WHAT YOU HAVE TO DO — In the entries below, begin at the line that has "Quid opus est", stop after the line that has "The solution set is", and output those lines exactly with no pictures.

DATA FOR PROCESSING —
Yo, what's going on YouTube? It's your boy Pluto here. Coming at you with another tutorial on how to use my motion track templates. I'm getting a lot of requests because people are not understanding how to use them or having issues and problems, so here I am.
==
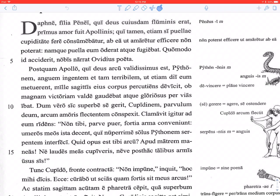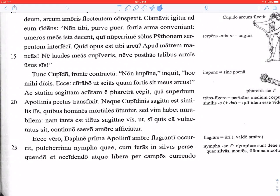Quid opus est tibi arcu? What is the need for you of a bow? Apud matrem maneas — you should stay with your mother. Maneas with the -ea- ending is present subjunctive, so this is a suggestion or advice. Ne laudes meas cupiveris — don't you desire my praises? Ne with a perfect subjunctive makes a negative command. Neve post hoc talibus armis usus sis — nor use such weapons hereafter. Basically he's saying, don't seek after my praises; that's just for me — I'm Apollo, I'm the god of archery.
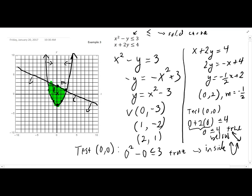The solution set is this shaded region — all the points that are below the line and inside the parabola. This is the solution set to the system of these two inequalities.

SOLUTION FOR THIS PROBLEM —
Quid opus est tibi arcu? What is the need for you of a bow? Apud matrem maneas — you should stay with your mother. Maneas with the -ea- ending is present subjunctive, so this is a suggestion or advice. Ne laudes meas cupiveris — don't you desire my praises? Ne with a perfect subjunctive makes a negative command. Neve post hoc talibus armis usus sis — nor use such weapons hereafter. Basically he's saying, don't seek after my praises; that's just for me — I'm Apollo, I'm the god of archery.
The solution set is this shaded region — all the points that are below the line and inside the parabola. This is the solution set to the system of these two inequalities.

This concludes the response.